I gialloneri sono una macchina da calcio bella e imperfetta, non riuscendo a proporre con continuità un gioco marcatamente offensivo che nei suoi momenti migliori riesce a mettere in difficoltà anche l’avversario più quotato. Una difesa non all’altezza e i tanti cali di tensione nel corso dei novanta minuti rappresentano il tallone d’Achille più evidente – ancora di più nell’attuale stagione rispetto a quella passata, dove lo Young Boys ha perso il titolo nazionale all’ultima giornata – della compagine svizzera, quasi sempre costretta a viaggiare a ritmi spediti per segnare un gol in più dell’avversario.
Il bosniaco
Senad Lulic, esterno classe 1986, è la personificazione dei pregi e dei difetti dello Young Boys. Il numero che si è inventato contro lo Zenit – dribbling tra due uomini e tocco felpato in pallonetto a scavalcare il portiere – ha offerto un piccolo saggio di tutte le sue qualità. Lulic possiede estro, dinamicità e potenza. Gli manca la capacità di dosare il proprio talento lungo tutto l’arco della partita. Si accende e si spegne, con fiammate brevi ma intense. Proprio come lo Young Boys, capace di stritolare nella prima mezzora il
Tottenham nei preliminari di Champions (parziale 3-0, con Lulic immarcabile) per poi spegnersi lentamente rischiando la clamorosa rimonta (la partita è finita 3-2). Copione simile contro lo Stoccarda sotto la neve; per Lulic una prima mezzora alla
Messi, poi il buio fino alla sostituzione. Andamento dell’incontro: 1-0, 1-2, 4-2 (nei minuti finali).
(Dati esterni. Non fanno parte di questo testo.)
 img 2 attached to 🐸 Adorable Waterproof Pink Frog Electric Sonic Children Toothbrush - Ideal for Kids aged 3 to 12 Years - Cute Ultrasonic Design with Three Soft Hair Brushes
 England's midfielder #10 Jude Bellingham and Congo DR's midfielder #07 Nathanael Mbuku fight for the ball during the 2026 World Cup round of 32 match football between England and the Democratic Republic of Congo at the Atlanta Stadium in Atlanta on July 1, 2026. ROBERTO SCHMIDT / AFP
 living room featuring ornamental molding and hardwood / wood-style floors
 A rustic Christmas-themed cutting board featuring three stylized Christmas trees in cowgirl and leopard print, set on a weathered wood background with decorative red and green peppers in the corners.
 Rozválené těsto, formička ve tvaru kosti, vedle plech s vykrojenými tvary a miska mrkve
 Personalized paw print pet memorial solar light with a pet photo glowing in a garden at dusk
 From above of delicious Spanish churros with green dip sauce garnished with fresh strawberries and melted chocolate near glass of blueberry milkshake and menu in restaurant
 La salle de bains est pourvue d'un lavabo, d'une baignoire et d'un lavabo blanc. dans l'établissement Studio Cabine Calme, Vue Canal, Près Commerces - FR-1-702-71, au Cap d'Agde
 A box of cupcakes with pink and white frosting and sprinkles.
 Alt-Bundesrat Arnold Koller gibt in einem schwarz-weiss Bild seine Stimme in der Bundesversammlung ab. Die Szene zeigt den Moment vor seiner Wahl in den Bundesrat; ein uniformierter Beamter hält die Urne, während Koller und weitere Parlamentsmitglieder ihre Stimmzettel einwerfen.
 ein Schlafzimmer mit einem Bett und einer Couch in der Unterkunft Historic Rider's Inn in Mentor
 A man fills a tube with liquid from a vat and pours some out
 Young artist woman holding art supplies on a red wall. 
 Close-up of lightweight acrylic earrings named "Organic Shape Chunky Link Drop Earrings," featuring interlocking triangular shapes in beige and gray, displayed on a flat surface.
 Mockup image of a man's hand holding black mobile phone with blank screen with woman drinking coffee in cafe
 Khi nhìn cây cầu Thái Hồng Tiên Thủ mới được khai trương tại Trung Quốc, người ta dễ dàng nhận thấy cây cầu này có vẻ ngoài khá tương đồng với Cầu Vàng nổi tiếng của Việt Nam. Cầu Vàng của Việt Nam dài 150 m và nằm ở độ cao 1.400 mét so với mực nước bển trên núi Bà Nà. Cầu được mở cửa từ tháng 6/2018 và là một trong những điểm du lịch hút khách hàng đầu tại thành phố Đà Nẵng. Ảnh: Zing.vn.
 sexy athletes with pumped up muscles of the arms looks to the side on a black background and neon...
In Svizzera sostengono, non a torto, che se Lulic possedesse la giusta continuità non giocherebbe più nella
Super League da tempo. E’ un cavallo pazzo nel senso buono del termine; in campo è una mina vagante, imprevedibile tanto tatticamente quando come rendimento, mai però dal punto di vista comportamentale. Tuttavia il bosniaco è una scommessa che vale la pena di tentare. Arrivato in Svizzera all’età di 12 anni, ha iniziato la carriera come cursore di fascia, un jolly utilizzabile tanto in difesa quanto in mediana. A
Bellinzona Vlado Petkovic lo ha spostato ancora più avanti, ala sinistra nel 3-4-3: nella stagione 2007/08 i granata hanno conquistato la promozione in
Super League e raggiunto la finale di
Coppa di Svizzera, con Lulic in doppia cifra nonché marcatore in entrambi i match dello spareggio-promozione contro il
San Gallo. Poi si è trasferito al
Grasshopper, giocando indifferentemente esterno (destro o sinistro) in un centrocampo a quattro oppure trequartista sinistro nel 4-2-3-1. Una posizione, quest’ultima, che ricopre stabilmente nello
Young Boys, che lo ha acquistato la scorsa estate per espresso volere del suo “mentore”
Petkovic. A Berna sta arrivando la maturazione definitiva. L’
Europa League rappresenta la miglior vetrina per dimostrarlo.